Brent crude has risen back above $100/bbl, fuelling a risk-off tone that knocked the FTSE 100 off a record resistance at 10,935 and pushed it down to a low near 9,665 (200‑SMA ~9,620) before recovering toward ~9,900. USD/JPY is trading choppily between ~159.50 and 157.70 after running into resistance at ~159.90; a break below 157.70/156.60 could target 152.25 while a sustained move above 160 would aim for 162.00. UK PMI forecasts (manufacturing 51.1 from 51.7; services 53.0 from 53.9) alongside rising input costs and oil above $100 raise stagflation concerns and complicate central bank outlooks; markets price ~50% odds of a BOJ hike in April.

Analysis

Recent headline-driven swings have become a volatility tax on directional equity and commodity positions: spikes in realized vol widen bid/ask for hedges and raise the premia asset managers pay for short-dated protection. These windows of headline activity historically cluster in 3–10 trading days, providing tactical entry points for sellers of time decay but punishing naked directional exposure if a second headline ignites a follow-through cycle. An energy-cost shock transmits to corporate P&Ls unevenly — integrated producers re-rate faster via margin expansion while input-exposed domestic cyclicals (residential construction, certain industrial supply chains) face margin compression and delayed demand. Expect earnings revision dispersion to widen over the next 1–3 quarters: consensus EPS for exposed sectors will likely be marked down before large-cap energy names see upgrades, compressing relative performance within equity indices.
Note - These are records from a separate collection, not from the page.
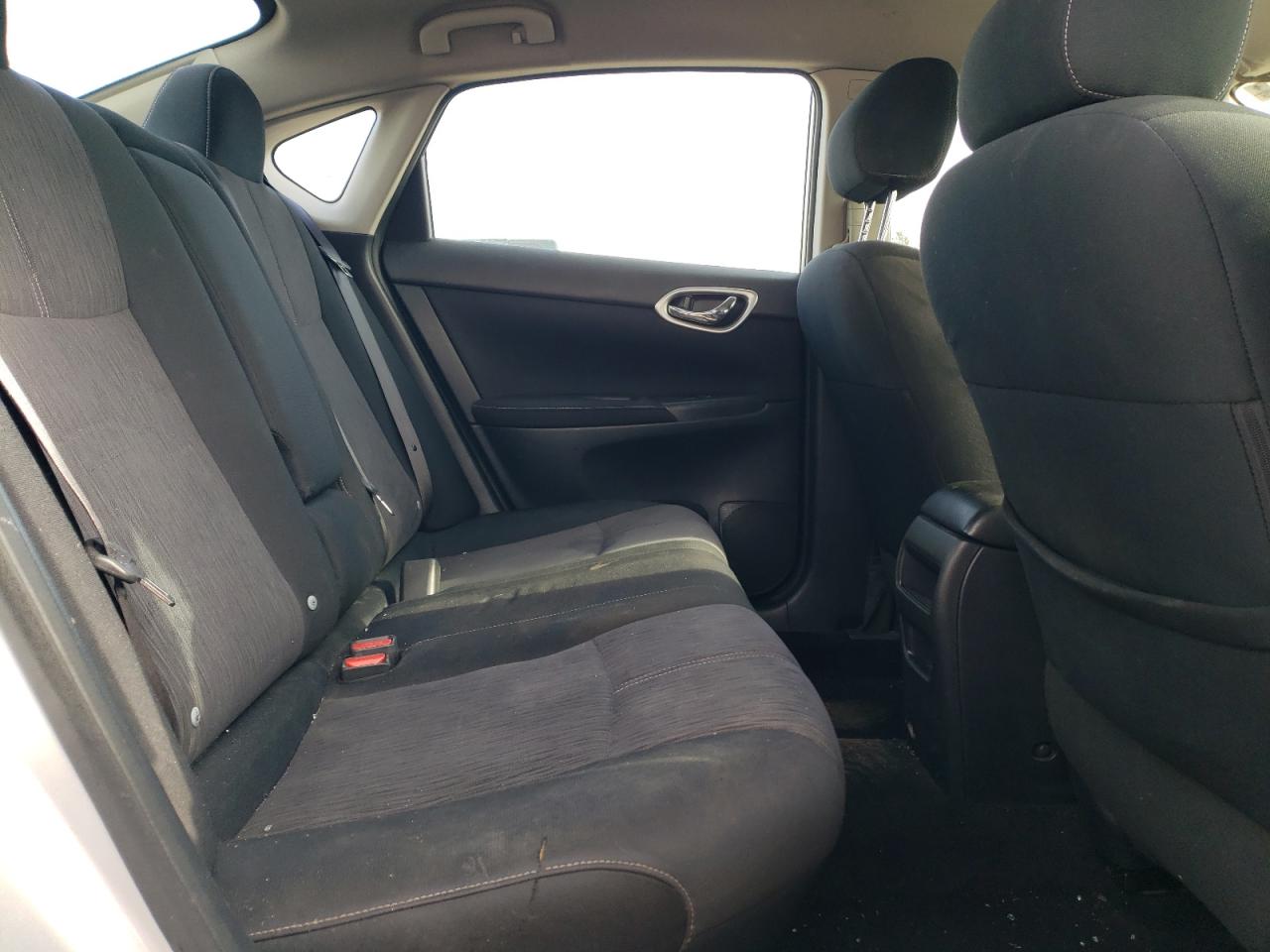 2014 Nissan Sentra - Image 10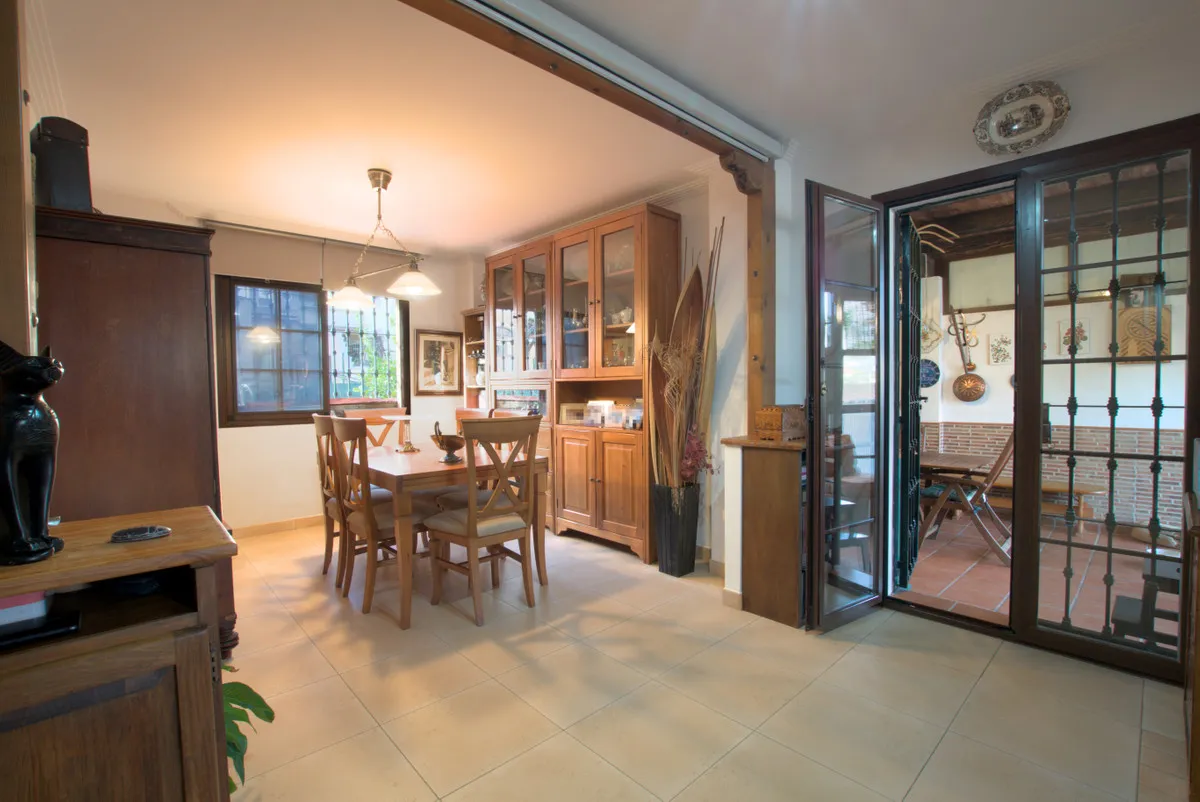 f87fedd3-b83a-4ee1-a2c1-077ad0f24e51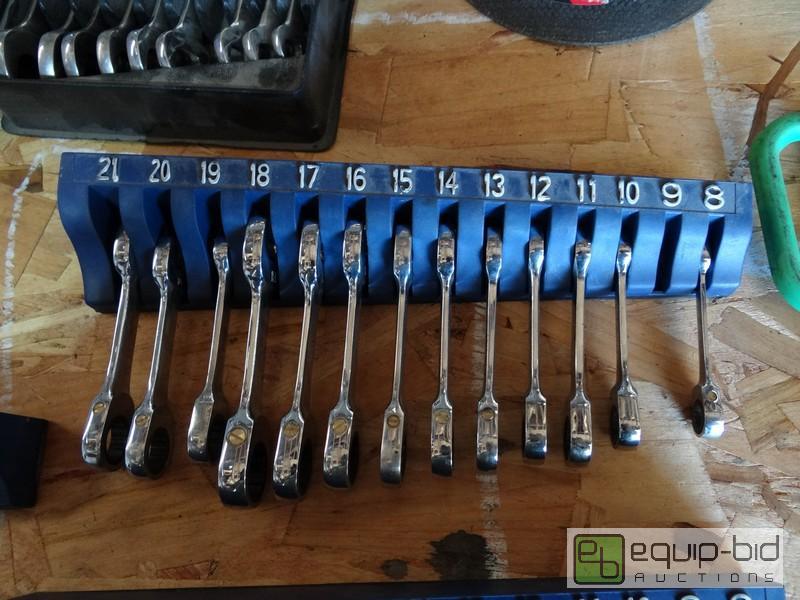 lot 589 image: CornwellBlackhawk Stuby Ratchet Wrench Set (Metric)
FX and policy carry an asymmetric tail: currency weakness amplifies import-price inflation which shortens central banks’ reaction time; conversely, visible intervention thresholds create a hard floor beyond which central-bank or fiscal measures can abruptly cap moves. That asymmetry makes capped-option and spread structures superior to outright directional exposure for capturing event-driven moves while limiting surge risk. Technically-driven breakouts in major rates, FX and oil create actionable windows — but they are headline-contingent. We should size entry to expected headline half-life, tighten stops ahead of major activity prints, and use option structures to monetize the higher implied vols rather than carry outright delta into the next 48–72 hour news cycle.